Today, the Orpheum Theater is famous as a concert venue. Live albums by The Police, U2, and Aerosmith have all been recorded in the space; when the theater transitioned from movies and vaudeville to music in the early 1970s, James Brown was among the first performers. Over the years, it’s been known as the Orpheum, the Aquarius, the Music Hall, and the Empire Theater.

The Orpheum, however, was originally built in 1852 as a classical music venue, hosting the Boston Symphony Orchestra and the New England Conservatory of Music shortly after their conception in 1881. It was known then as the Boston Music Hall, and in addition to classical performances, notable speakers were brought to lecture there, including Harriet Beecher Stowe and Oscar Wilde. In 1900, with the expansion of the city and the construction of the subway, the symphony moved to Symphony Hall and ownership of the space changed hands several times before it was remodeled and reopened as a vaudeville theater in 1916.

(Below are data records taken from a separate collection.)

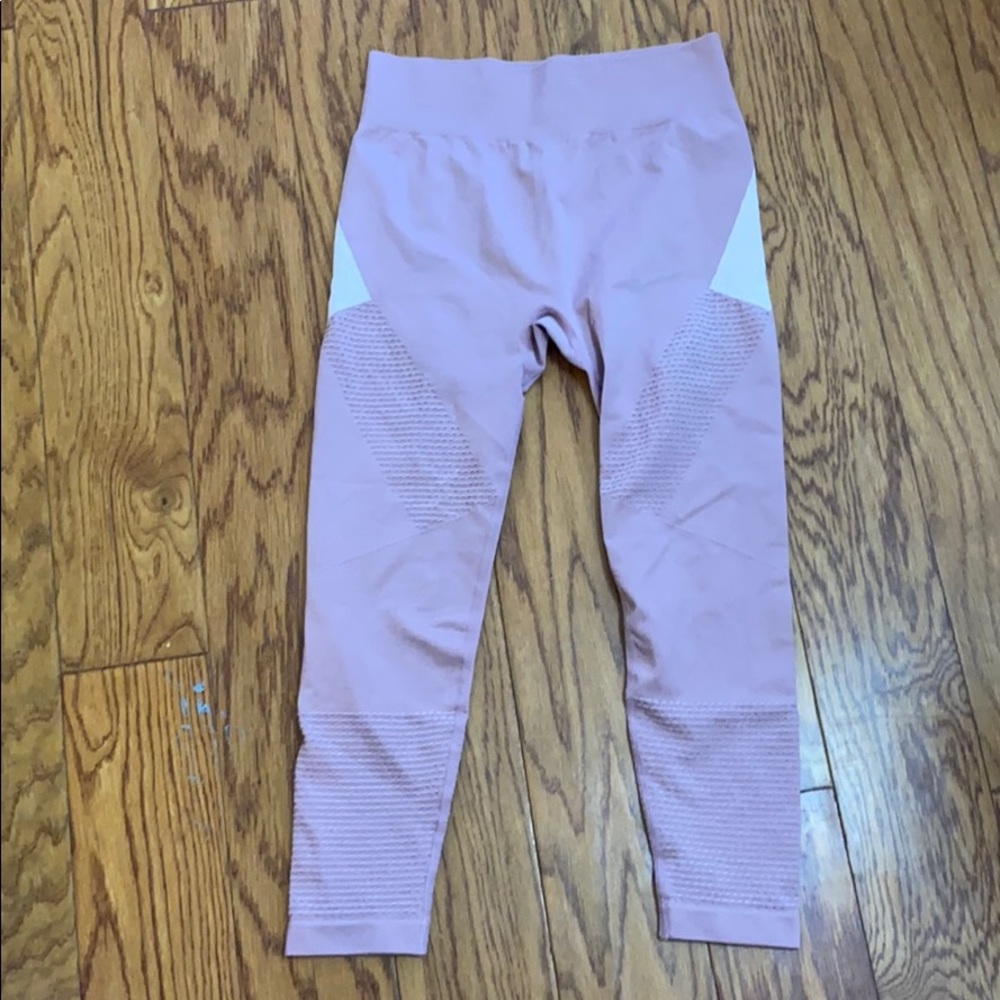 Seamless leggings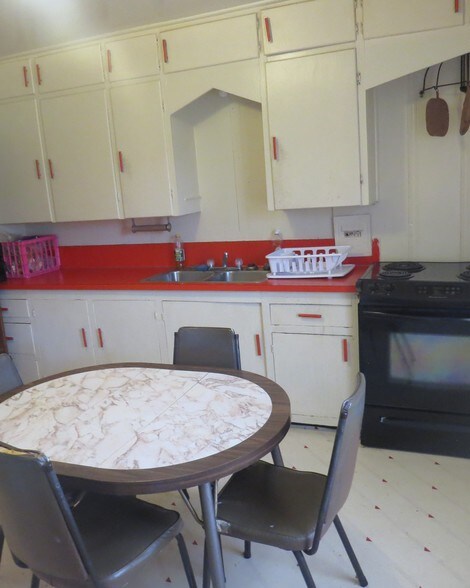 More Photos Of 3336 S Commerce St, Ardmore Self Storage For Sale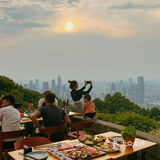 重庆南山上看夕阳烤烧烤真的太美啦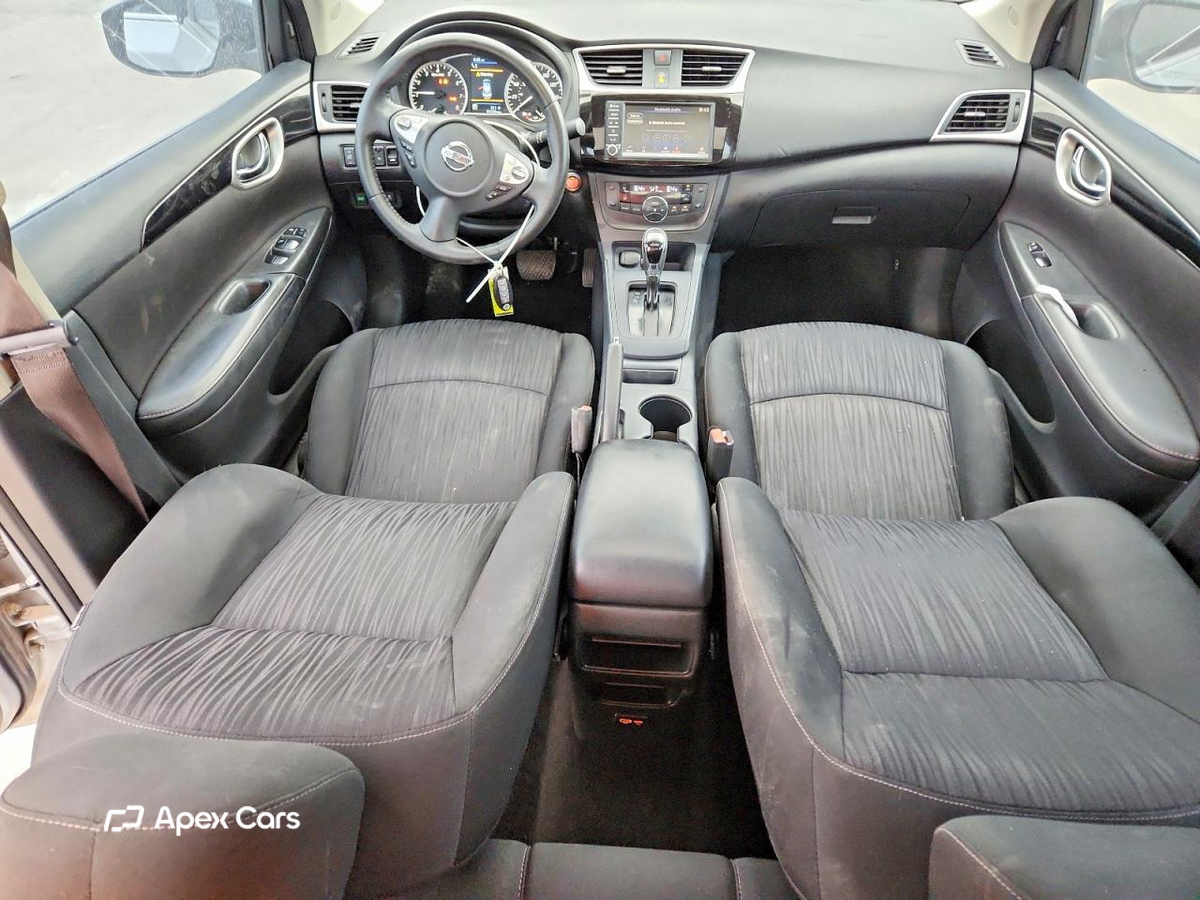 Nissan Sentra 2019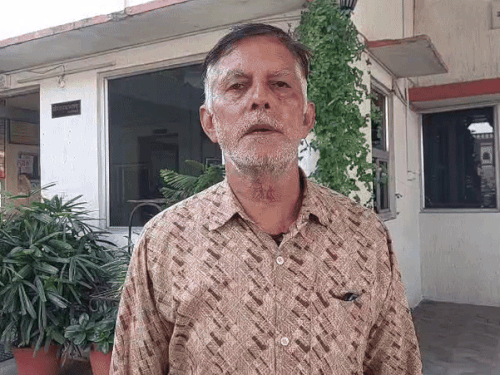 पीड़ित व्यापारी की ओर से क्लॉक टावर थाने में इसकी शिकायत दी गई है। पुलिस मामले की जांच में जुटी है।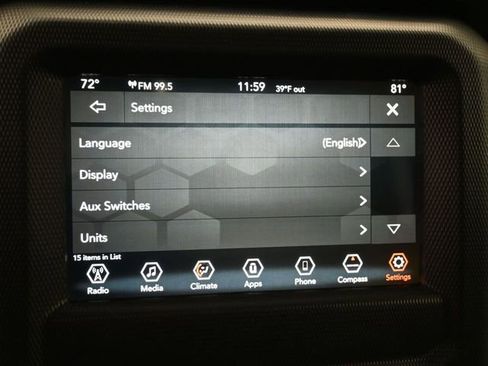 Used 2018 Jeep Wrangler Unlimited Sahara image 17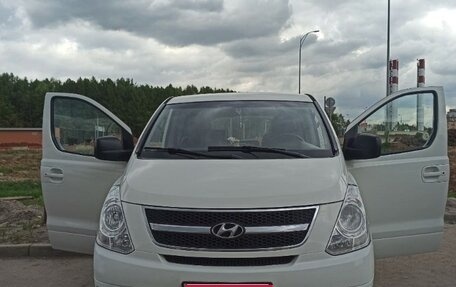 Hyundai Grand Starex Grand Starex I рестайлинг 2, 2010 год, 1 000 000 рублей, 1 фотография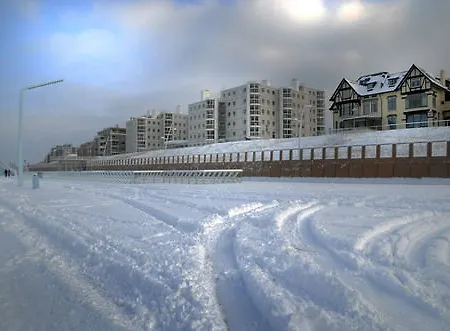 Boulevard Scheveningen Szálloda Hága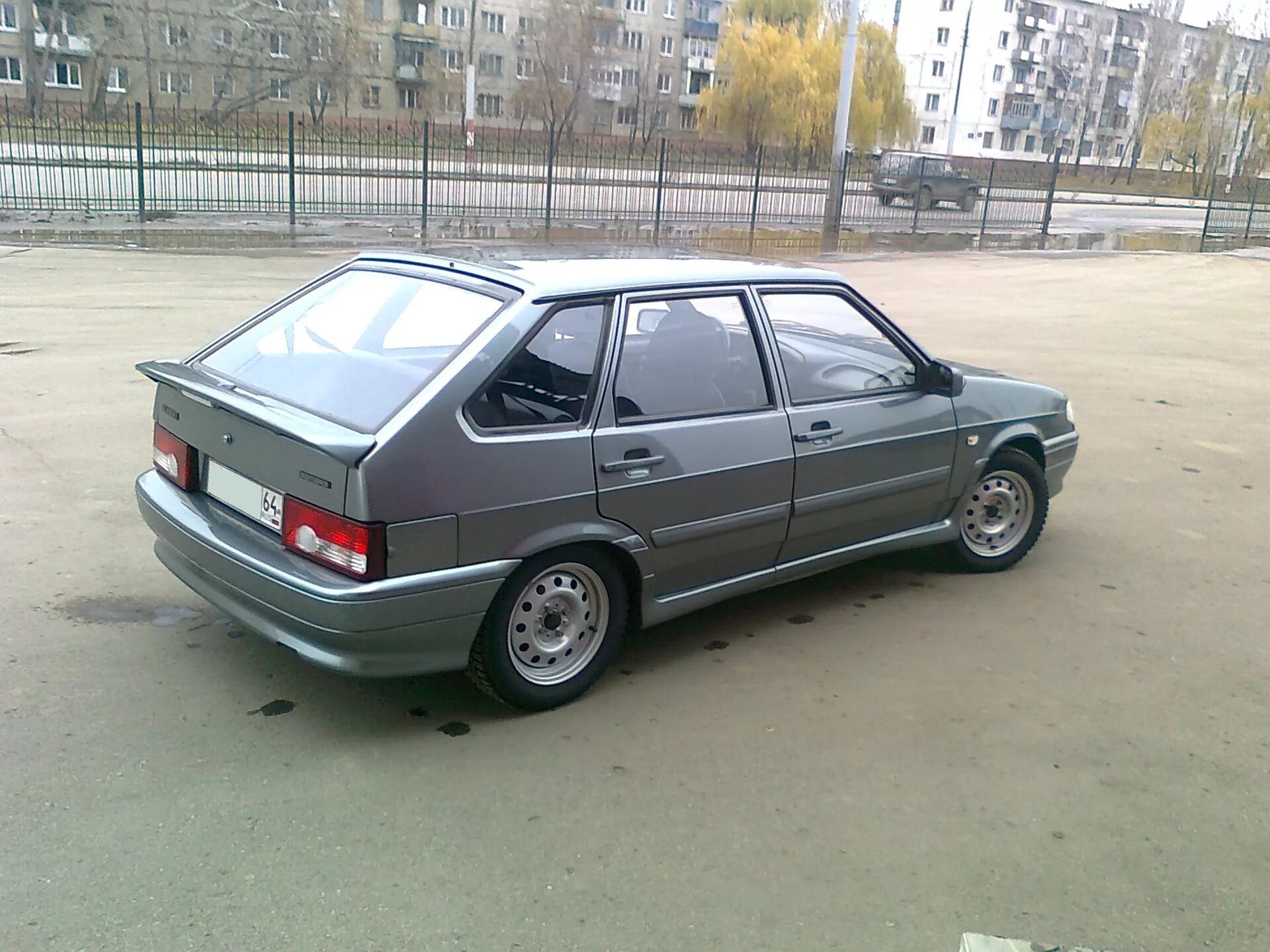 Серо зеленая 14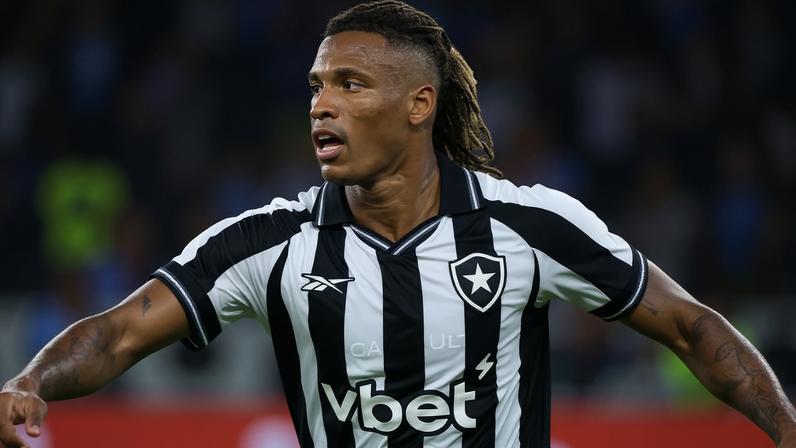 Danilo marca gol decisivo do Botafogo sob olhar de Carlo Ancelotti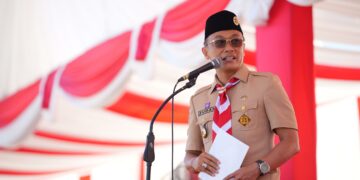 Pj Gubernur Sulsel Serahkan Penghargaan untuk Tokoh Pramuka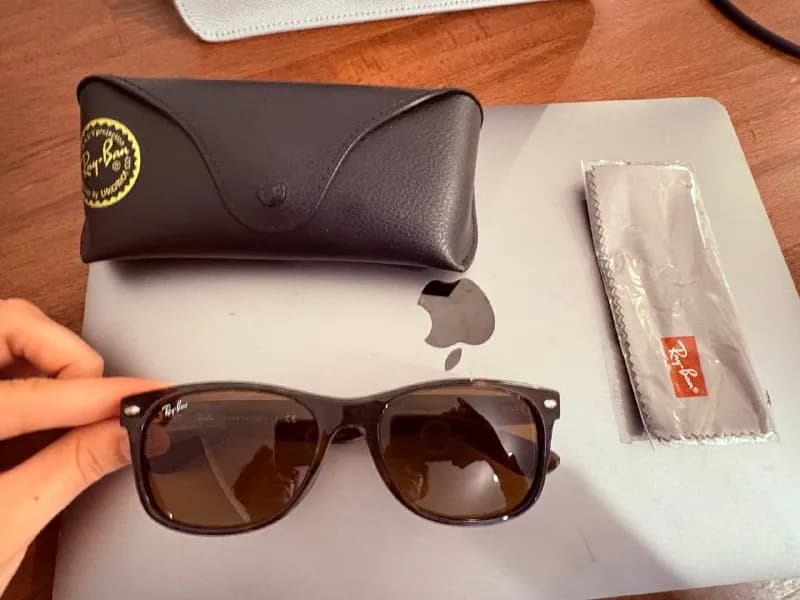 Ray-Ban RB2132 New Wayfarer [телефон] — Батуми — 200 ₾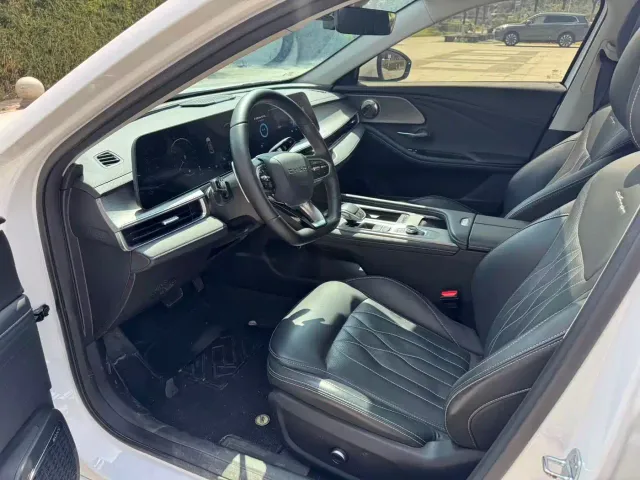 Chery Arrizo 8 — Фото автомобиля 8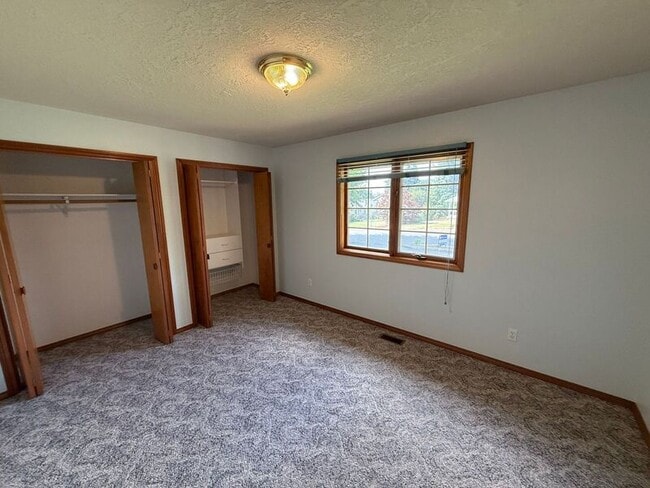 Building Photo - 460 SE Conifer Pl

While still in its earliest iteration, however, the Boston Music Hall served as the setting for the finale of Henry James’ 1885 novel The Bostonians. Though James is known as a transatlantic author, frequently writing about Americans in Europe, he lived in Boston for some years in the mid-1860s. The Bostonians chronicles the relationship between two Boston feminists, Olive and Verena, and the southern lawyer, Basil Ransom, who falls in love with Verena and seeks to draw her away from the city’s radical influences. Much of the novel details the political movements in Boston at the time and Ransom and Olive’s competition for Verena’s interest. In the final, dramatic scene, Ransom describes the Boston Music Hall:

“The place struck him with a kind of Roman vastness; the doors which opened out of the upper balconies, high aloft, and which were constantly swinging to and fro with the passage of spectators and ushers, reminded him of the vomitoria that he had read about in descriptions of the Colosseum…. The hall was so capacious and serious, and the audience increased so rapidly without filling it…”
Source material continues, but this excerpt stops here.